Dr Carl says for most parents the small fibs around Santa, the Easter Bunny or Tooth Fairy are not told with bad intent, instead, these lies are told to carry on magical family traditions in a culture that celebrates these mythical creatures.
She says these lies trigger a child’s imagination and for the child it is fun to believe in such creatures.
Dr Carl suggests however, that it is a good idea to tell children the story behind the magical creatures, not only because it adds to the excitement, but also because it will help when the child is ready to know the truth.
“When a child asks whether these creatures are real or myth, they are probably ready to know the truth,” she says.

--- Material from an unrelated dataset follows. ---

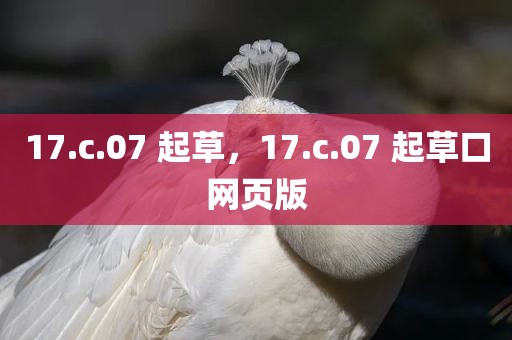 17.c.07 起草，17.c.07 起草口网页版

“Parents can share how much fun it was to believe in such things with their children, and bring it back to the history, the tradition, and the joy at this point. That way, the child learns that the intent of this lie was good.
“While most lie telling is frequently condemned and discouraged, lie telling is also an important part of development for children. In fact, children’s developing understanding of lies and their actual lying is associated with the maturation of their cognitive abilities, such as their growing understanding of the mental states of others.
“Whether a lie is discouraged or encouraged by parents depends on the moral consequences and intent of the lie.”
Dr Sharman agrees that in terms of Santa, the Easter Bunny or the Tooth Fairy, it is the intent behind the lie that is most important.
“Positive and high-functioning social intent would include understanding that children at their developmental stage have an intense curiosity and imagination and such ‘lies’ feed into their excitement and wonder about the world,” she says.
“It creates a positive association with Christmas-time that is likely to last a lifetime. By the time the child is old enough to realise Santa is made up, if they have well developed social understanding, they will also understand their parents’ motivation in going along with the game. That it was for their enjoyment and benefit.
“Children with poorer developed social skills may become quite angry however, and feel they have been deceived.
“They won't understand their parents’ motivation and be confused as to why their parents have lied to them.
“I would very much recommend against going along with the Santa/Easter Bunny myth in the case of children on the autism spectrum for example. They are unlikely to appreciate the social intent behind such deception.”